We took a walk out to and along the beach in the wind and wished it was warmer. It wasn’t as nice as the Bamburgh beach but still sandy.
We ended up with a neighbour later in the day in a white van but otherwise considering how close to the road we were it wasn’t too noisy.
Saturday morning, we continued southward to the city of Alnwick. Here you find Alnwick Castle (begun in the 11th century) which was used most famously as “Hogwarts” in the Harry Potter movies as well as being used in Downton Abbey, Elizabeth, Count Dracula and more.
Trying to get a peek at the castle proved a bit of a struggle as some roads were blocked but Fran had found two places nearby that promised views. The cost to enter the grounds is £20 pp and that was pretty steep just to see the buildings so we tried one of those spots.
Now it’s Jubilee weekend and there are some road closures and lots of celebrations even in small towns.
No British monarch has ever reigned for seventy years. To put this into perspective, Queen Elizabeth’s reign is already longer than the reigns of her FOUR predecessors put together. Her time as queen has stretched over multiple eras, across 14 different UK prime ministers and 14 US presidents. Queen Victoria reined for 63 years and internationally, King Louis VIV reined for 72 years.
The weather today is mostly cloudy but the sun peeks out at times and it looks better for the afternoon – maybe a second day of no rain! We can only hope.
As we are carrying on down the A1 Minou decides to give us (well mostly, Doug) a challenge – she blew a tire! What a racket that made and it did more damage than just the tire. Luckily although we were on a busy highway, we were very close to a left hand turn (not a roundabout) which was rather wide and when Doug crawled under her, there with plenty of rooms for vehicles to still get around us. The hazard lights went on and we both got out saw this:
So it damaged the tire, fender had come quite loose, wiring hung done and some of it was broken. The impact of the chuck of tread that came loose must have hit all that in the process and the noise it made was terrible.

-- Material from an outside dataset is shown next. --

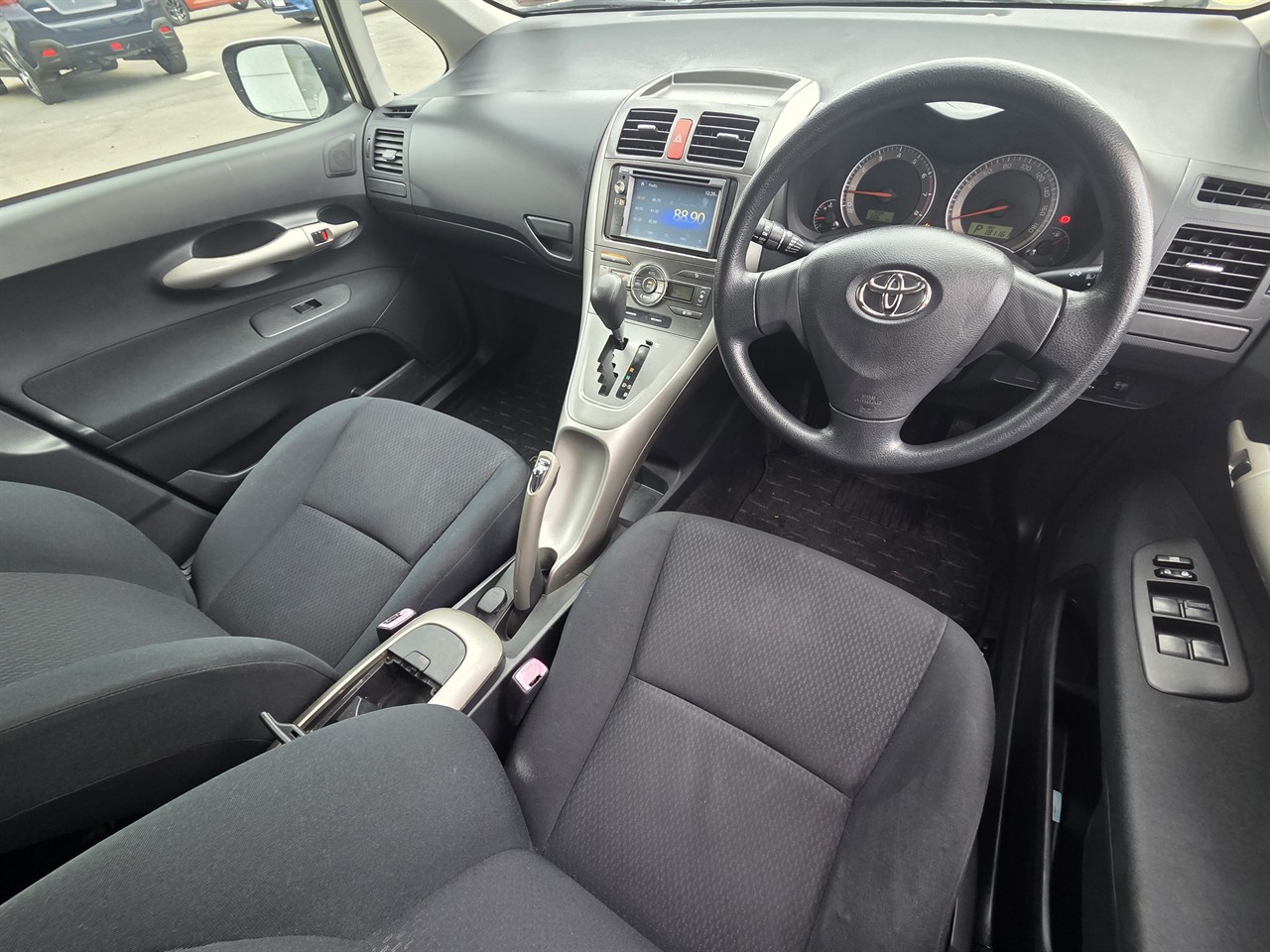 2008 Toyota Auris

So out came the jack and Doug had to crawl under Minou to get the spare tire which is stored underneath. That as a job in itself and the lighting under there was not so good. He had to take a picture with a phone in order to figure out how it was hooked up. Then getting the jack up was excruciatingly slow.
The whole tire changing process took almost two hours and then he had to figure out the fender, which luckily although it looked warped, did pop back on. The wiring was a weird thing; we couldn’t figure out what the two broken wires did; all the lights worked as did everything inside so I’ll guess one day we’ll see if something does not come on; in the meantime, Doug hooked them back up anyway, hoping he’d connected the right ones and off we went.

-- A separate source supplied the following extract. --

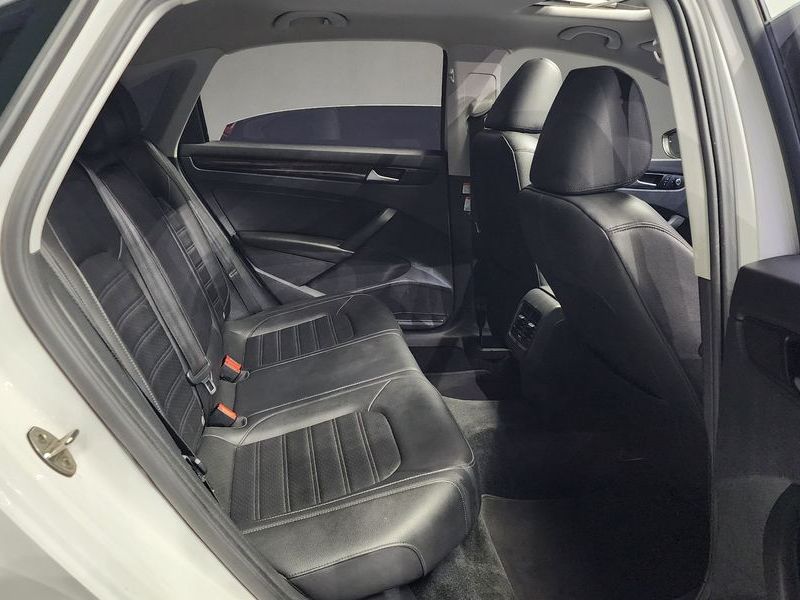 2015 Volkswagen Passat 1.8 TSI B7 photo 12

Due to the “hole” in the underside of the vehicle, we did not want to have to drive in the rain so we decided that since it was mostly sunny now, we should just head to Sunday’s destination in the hopes of finding a body shop on Monday in that town and not have to drive in the rain much if at all.
We did have another site to see in the city of Newcastle and stopped at a turret of the ancient Hadrian’s wall.
Hadrian’s Wall also known as the Roman Wall, Picts’ Wall, is a former defensive fortification of the Roman province of Britannia, begun in AD 122 in the reign of the emperor Hadrian. Running “from Wallsend on the River Tyne in the east to Bowness-on-Solway in the west”, the Wall covered the whole width of the island. In addition to the wall’s defensive military role, its gates may have been customs posts.
It is the largest Roman archaeological feature in Britain, it runs a total of 73 miles (117.5 kilometres. It was designated as a UNESCO World Heritage Site in 1987. Hadrian’s Wall marked the boundary between Roman Britannia and unconquered Caledonia to the north. The wall lies entirely within England and has never formed the Anglo-Scottish border.
Enroute to the second section of the wall we wanted to visit, Doug spotted a tire shop that was open. Due to its being Saturday and a long holiday weekend (Britain has a four day holiday weekend this weekend for the Jubilee.
We pulled and we were lucky that they were able to help us right away and had the correct tire in stock. While they did the work, we went across the street to get lunch (it was now 1:30) and enjoyed some fish and chips.
So with a new “shoe” that was not unreasonably price and the spare back in place, we were off again to see the second section of the Wall. This section was fenced off and locked but we got this photo:
It was full sun now and although still somewhat cool – about 13C / 55, it was not very windy and quite pleasant.
We got back on the A1 and arrived in the town of Otley (which was bigger than we expected) and parked behind a pub called The Yew Tree
They allow free overnights as long as you have a drink and/or a meal in the place and this one actually offers Wi-Fi, dumping and fresh water. We are meeting some overlanders here that live in nearby Leeds that we met in Uruguay back in 2019. Stu and Lins were travelling in a van and we spent a couple of nights with them on the coast.
After getting level (the lot is quite sloped) we went inside to get drinks to enjoy happy hour and sat outside in the sun. It didn’t stay out long and it got cool quick so we returned to Minou for dinner; after that big late lunch we’d had earlier, we had a light dinner and a quiet night. We also made a reservation for an early dinner here tomorrow for all four us to enjoy their “carvery” dinner – Doug is looking forward to Yorkshire pudding!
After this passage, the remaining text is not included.